Exercise requirements:
Go through the listing below and output exactly the line with "Нож NOC Knives MT-32, M390, Titanium Blue Handle, MT-3208 Нож", the line with "Diy Painting Nightlamp", and each line between; omit the rest.

Supplied records:

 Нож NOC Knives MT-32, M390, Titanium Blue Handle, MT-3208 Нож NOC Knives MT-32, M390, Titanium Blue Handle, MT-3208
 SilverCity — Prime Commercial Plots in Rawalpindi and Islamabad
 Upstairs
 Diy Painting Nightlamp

---

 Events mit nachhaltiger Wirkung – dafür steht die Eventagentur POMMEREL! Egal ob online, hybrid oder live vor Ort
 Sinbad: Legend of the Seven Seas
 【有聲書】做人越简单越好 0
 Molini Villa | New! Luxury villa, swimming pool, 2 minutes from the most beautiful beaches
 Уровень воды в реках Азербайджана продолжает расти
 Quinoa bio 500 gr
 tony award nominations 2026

Your response:
 Нож NOC Knives MT-32, M390, Titanium Blue Handle, MT-3208 Нож NOC Knives MT-32, M390, Titanium Blue Handle, MT-3208
 SilverCity — Prime Commercial Plots in Rawalpindi and Islamabad
 Upstairs
 Diy Painting Nightlamp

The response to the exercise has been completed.